The persistence of their fandom’s defense mechanisms exacerbates the ethical breach. For over a decade, fans have justified or minimized nearly all of the group’s transgressions, often infantilizing adult men in their thirties while vilifying critics. This cycle of protection has created an environment in which the group’s members can act without fear of consequences, relying on their audience to redirect blame, generate positive publicity, and even attack other artists to deflect attention from their own actions.
The core argument is therefore twofold. First, BTS’s complicity is qualitatively different because it contradicts the very principles upon which their global success was built. Their brand has commodified suffering, empathy, and activism, transforming these values into profitable narratives while simultaneously undermining them through direct collaboration with entities implicated in mass violence. Second, the timing matters: in 2025, after two years of unambiguous evidence of atrocities in Gaza, continued association with such brands cannot be rationalized as ignorance. It is a deliberate alignment with systems of power that perpetuate oppression.

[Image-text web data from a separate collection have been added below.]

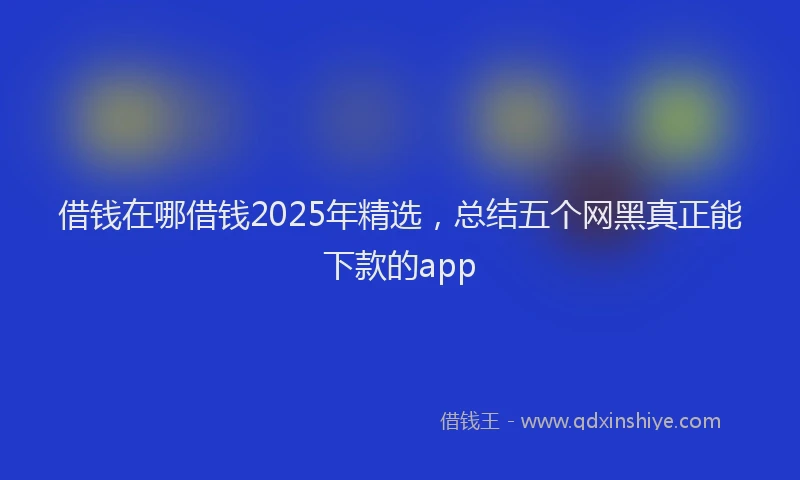 借钱在哪借钱2025年精选，总结五个网黑真正能下款的app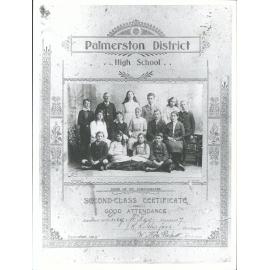 Palmerston District High School second class certificate for good attendance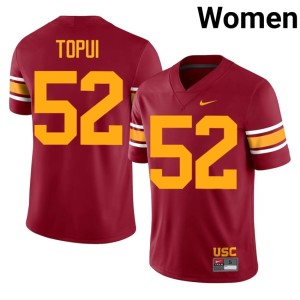 Football Trojans Cardinal Womens #52 Alternate Tomuhini Topui Jersey 454231-651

Supporting any artist or public figure engaged in such collaborations is ethically problematic. However, BTS’s case is particularly indefensible precisely because their success has relied so heavily on the illusion of moral leadership. To move forward, audiences must confront the dissonance between image and reality, reject manipulative narratives, and recognize the broader structures—capitalist, colonial, and propagandistic—that make such contradictions possible.